Firstly, i'm sorry to hear what's happened. But to be honest, i doubt that its deodorant or anything, because i use deodorant in my room everyday and near to my Tree Frogs (American Green) set-up and i've never had a problem at all. However, i ALWAYS have a window open in my room so the deodorant wouldn't linger. Finally, out of interest, were your frogs eating normally before they.....passed on? :blush:

Again, sorry for your experiences. Alex :2thumb:


----------



## soundstounite (Sep 6, 2009)

Liam it would be a really good idea to get Pm's done especially as you've now had 3 losses,its the only real way your going to find out what the hell is going on,we can't really pin this down its a vet job to be 100% safe for your next one.

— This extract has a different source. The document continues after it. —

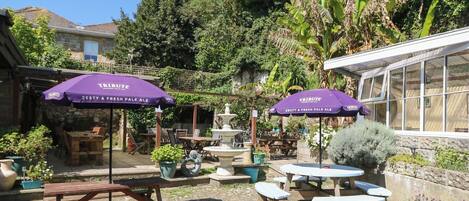 Een terras buiten met picknicktafels en paarse parasols, omgeven door groen en een stenen muur.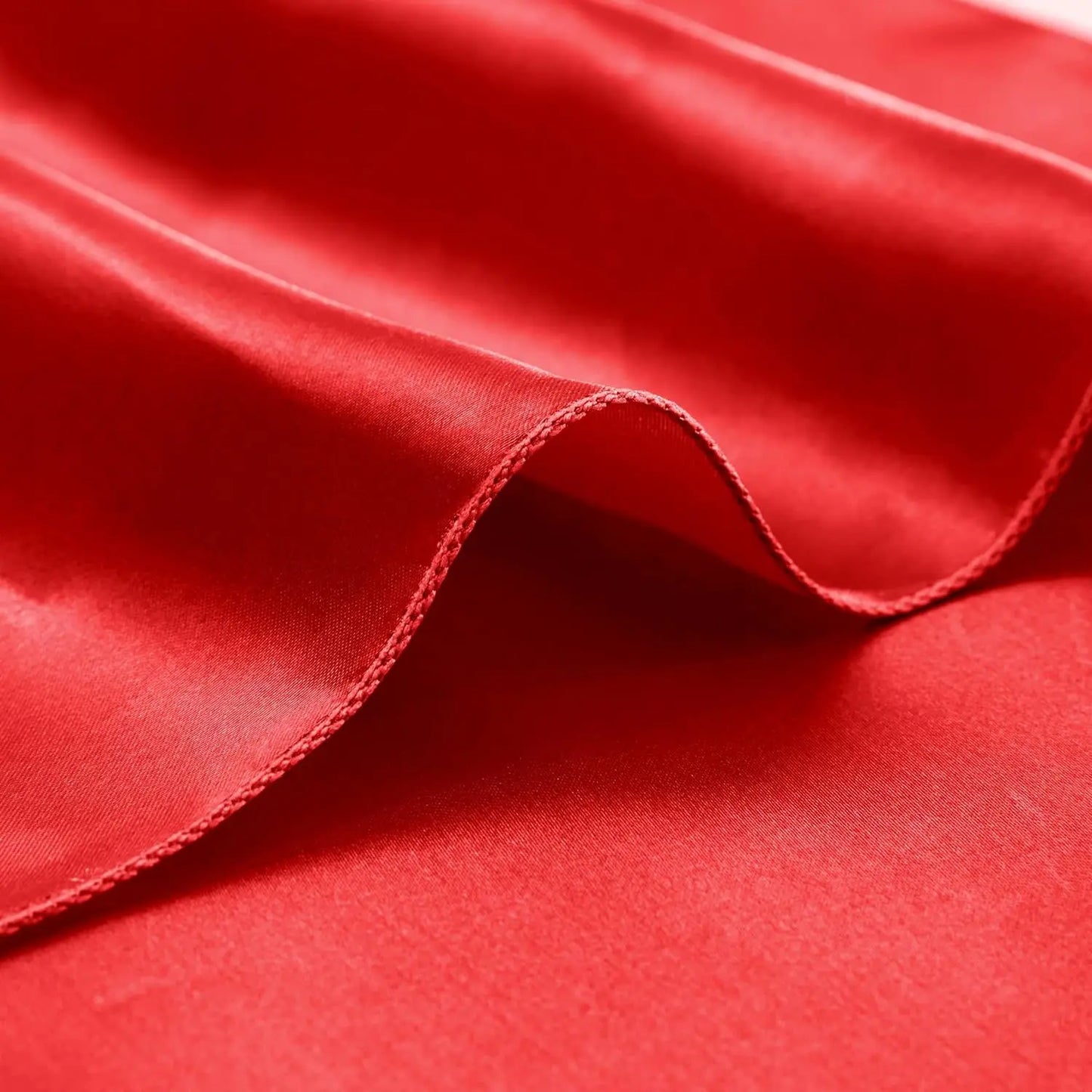Close-up of red fabric with a focus on texture and color.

Its very sad and also unusual to see 3 concurrent deaths like this,get a pm sorted out, somethng sounds very wrong
sorry for your loss
Stu


----------



## chrisperrins78 (Nov 2, 2011)

As others have already said, distilled water is bad for amphibs and can cause kidney problems and death. 
Hope this helps
Chris


----------



## ronnyjodes (Apr 29, 2011)

I had a USA green tree frog and a southern toad (obviously both in separate setups) both die within a week of each other last and I reckon it was that the spray bottle I was using to store their water in was possibly contaminated so without seeing your setup I'd say your biggest suspect is the water you were using, distilled is bad for them anyway but if it had been contaminated with something it would have been just as bad for them.

Don't let it put you off keeping them dude, I wasn't. I've got a pair of whites and they're doing fine- tap water left out 24 hours to de-chlorinate in a clean, sterile container. Have another crack at it. Good luck.


----------